(Scraped caption text data)

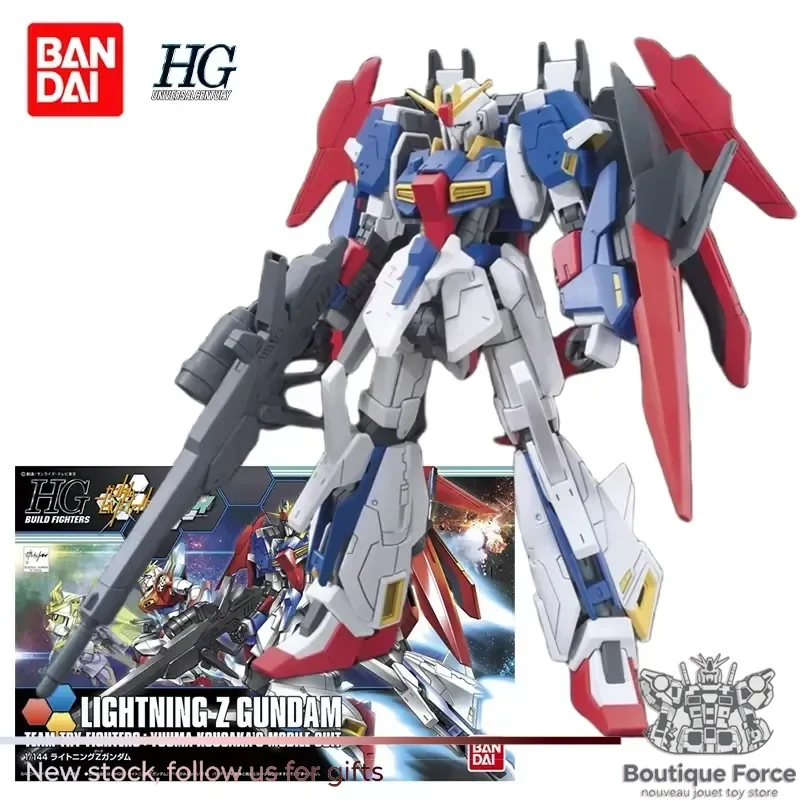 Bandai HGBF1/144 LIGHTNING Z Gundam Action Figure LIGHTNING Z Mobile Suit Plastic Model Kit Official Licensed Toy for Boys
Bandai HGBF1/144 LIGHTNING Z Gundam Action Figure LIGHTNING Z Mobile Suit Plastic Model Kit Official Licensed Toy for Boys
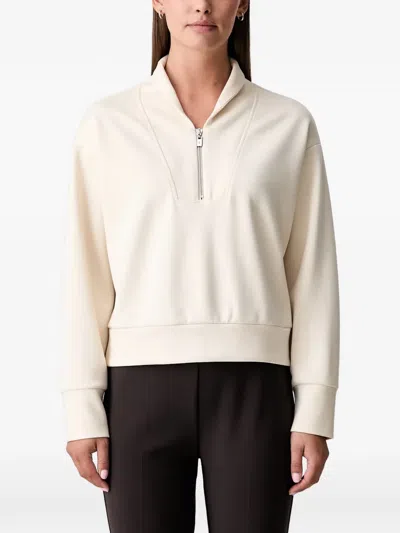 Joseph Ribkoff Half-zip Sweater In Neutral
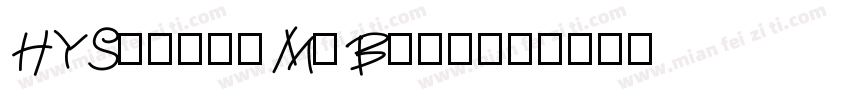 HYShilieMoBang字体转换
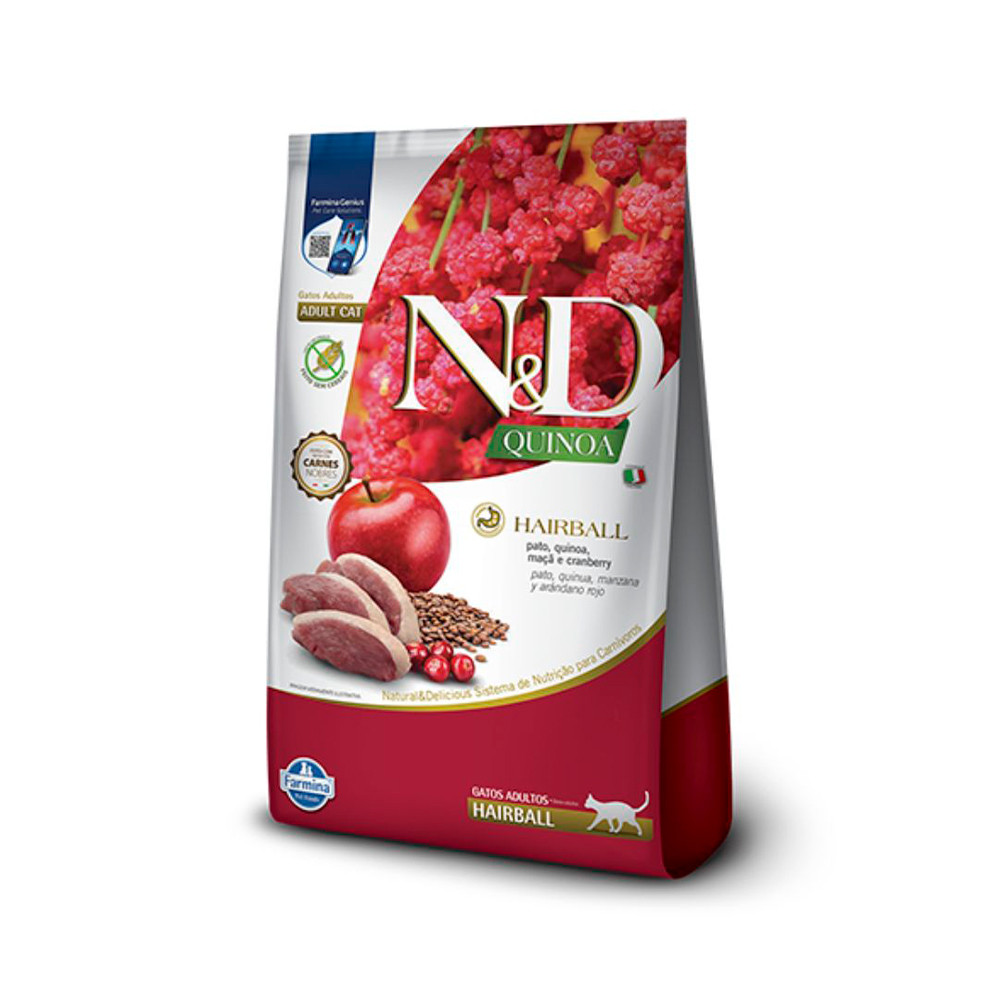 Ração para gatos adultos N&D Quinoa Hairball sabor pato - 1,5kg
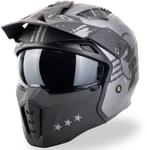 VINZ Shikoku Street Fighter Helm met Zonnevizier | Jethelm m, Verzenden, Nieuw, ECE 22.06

__The task__. Transcribe the entries above exactly, from their first line through the line with "HYShilieMoBang字体转换", and omit all pictures.

__Answer to the problem__.
 Bandai HGBF1/144 LIGHTNING Z Gundam Action Figure LIGHTNING Z Mobile Suit Plastic Model Kit Official Licensed Toy for Boys
Bandai HGBF1/144 LIGHTNING Z Gundam Action Figure LIGHTNING Z Mobile Suit Plastic Model Kit Official Licensed Toy for Boys
 Joseph Ribkoff Half-zip Sweater In Neutral
 HYShilieMoBang字体转换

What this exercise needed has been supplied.